Task item
Reproduce exactly the line with "Item preview, Landing" and every line that follows it below, up to and including the last one. Do not include pictures or anything else.
--- Information shown ---
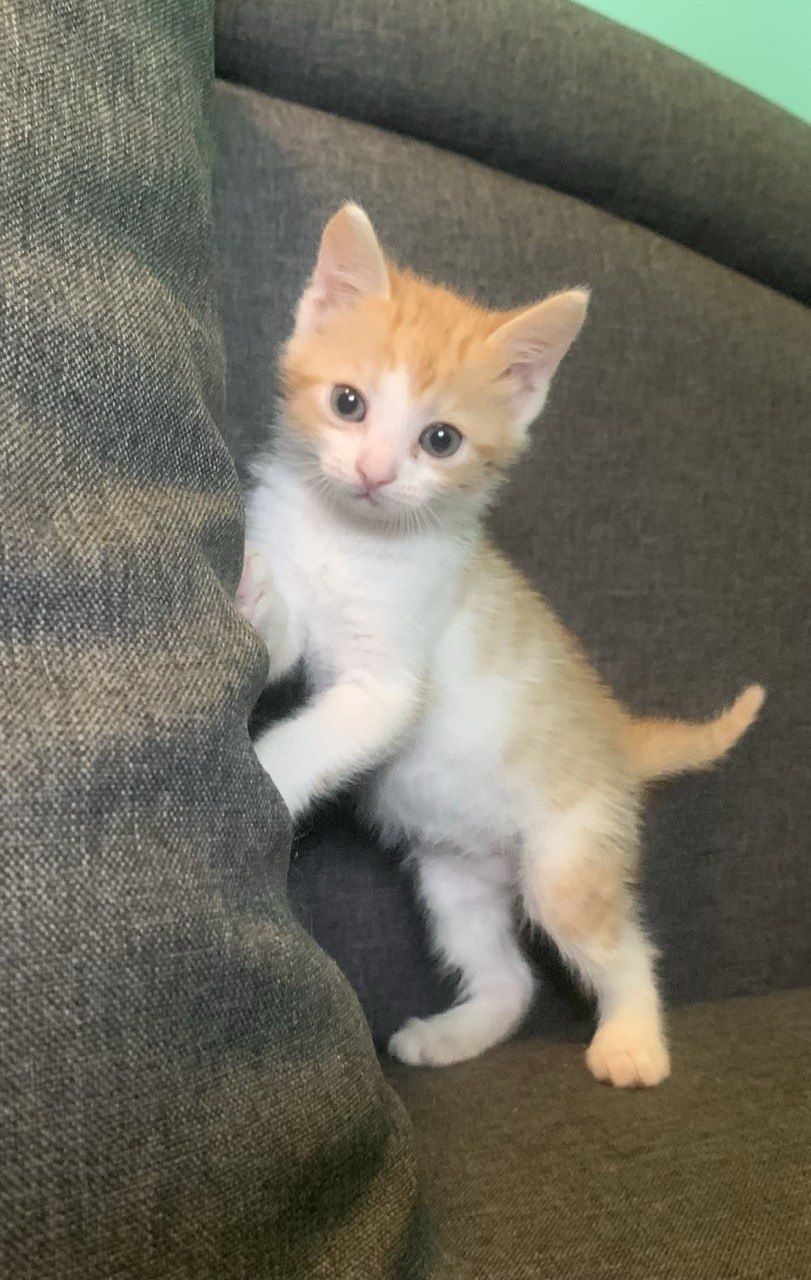 Чудные котятки в добрые руки!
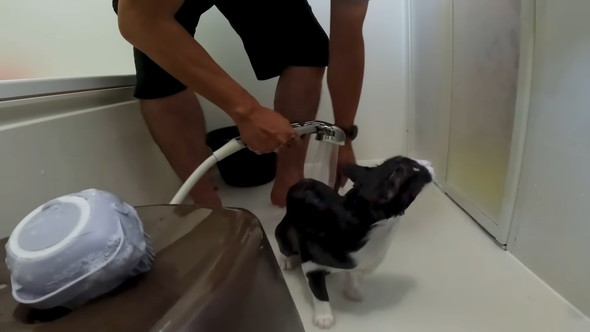 シャワーで泡を流されている猫ちゃん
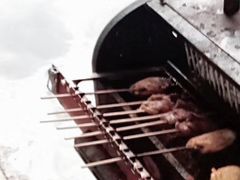 -北京上庄水库尚野露天户外自助烧烤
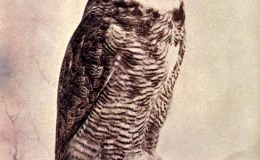 Birds Vol 1 #3 – The Long-Eared&nbsp;Owl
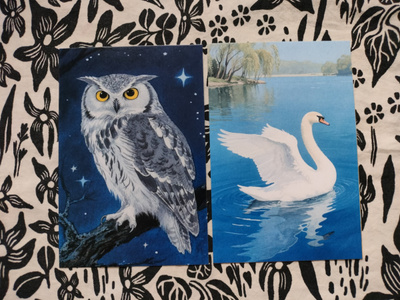 ~Eläin kortti~ 2kpl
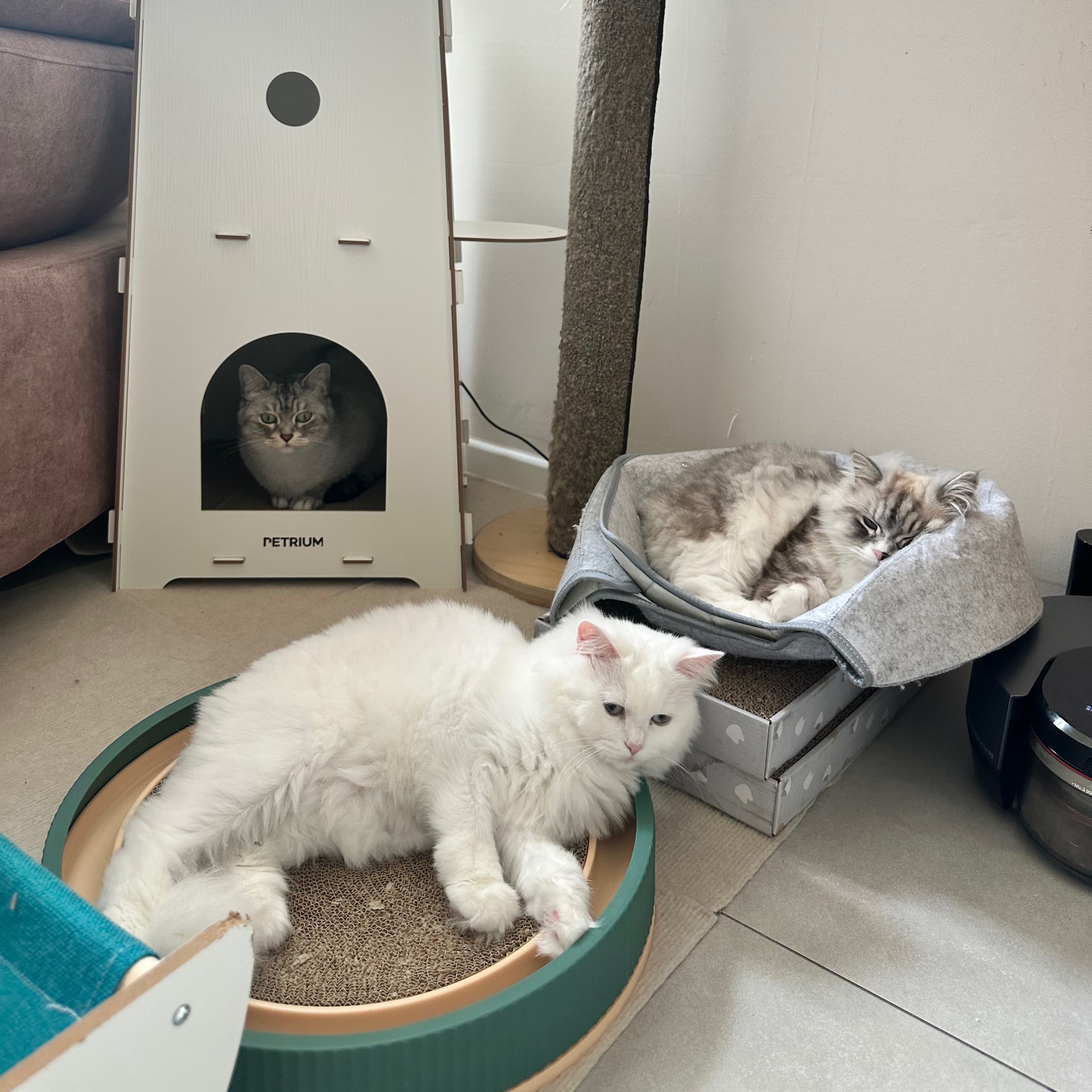 강아지, 고양이, 햄스터, 금붕어 리뷰🤍 1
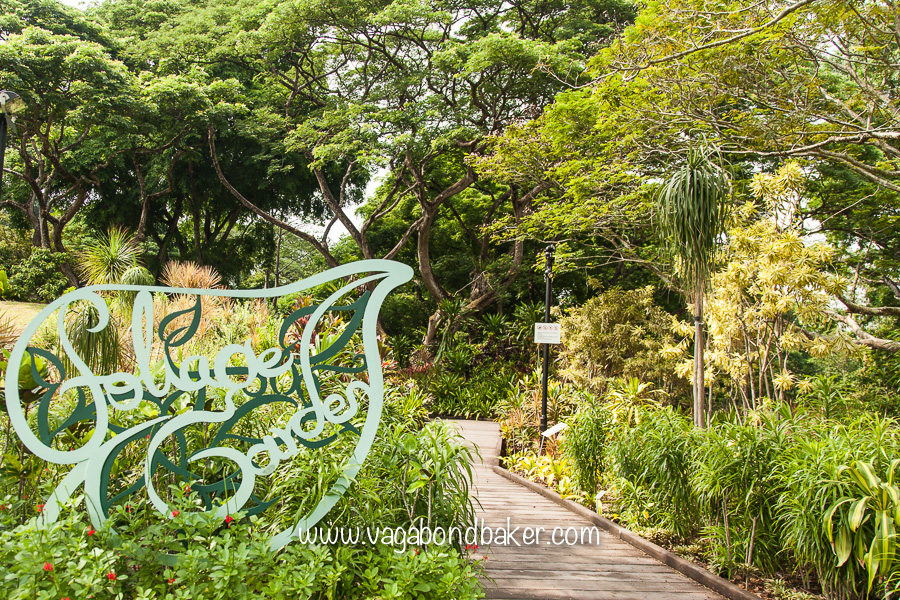 Singapore Botanic Gardens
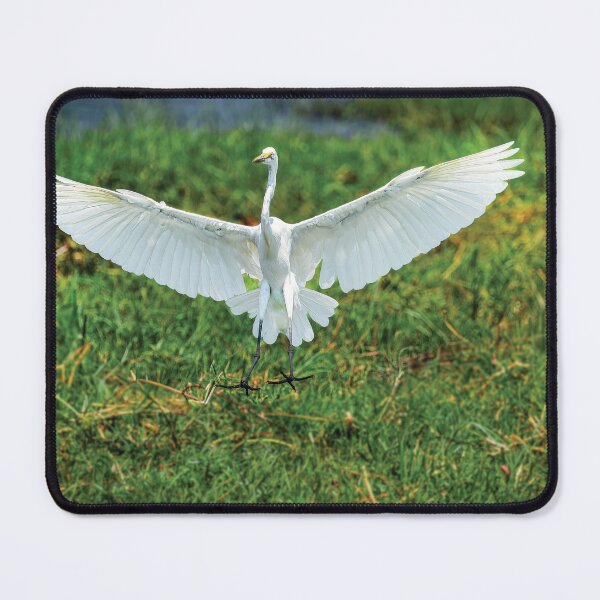 Item preview, Landing Gear Down designed and sold by Kay Brewer.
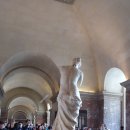 센느약국 이미지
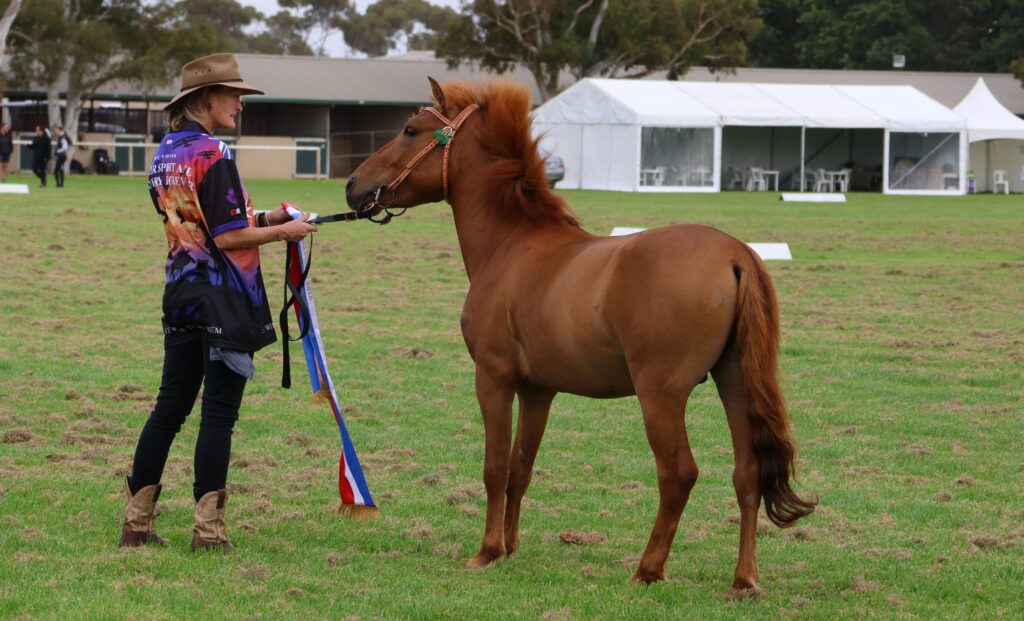 Timor Pony three-year old colt Banjo in the Rare Breed ring at the 2024 Summer Royal Show in Melbourne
---
Answer area
 Item preview, Landing Gear Down designed and sold by Kay Brewer.
 센느약국 이미지
 Timor Pony three-year old colt Banjo in the Rare Breed ring at the 2024 Summer Royal Show in Melbourne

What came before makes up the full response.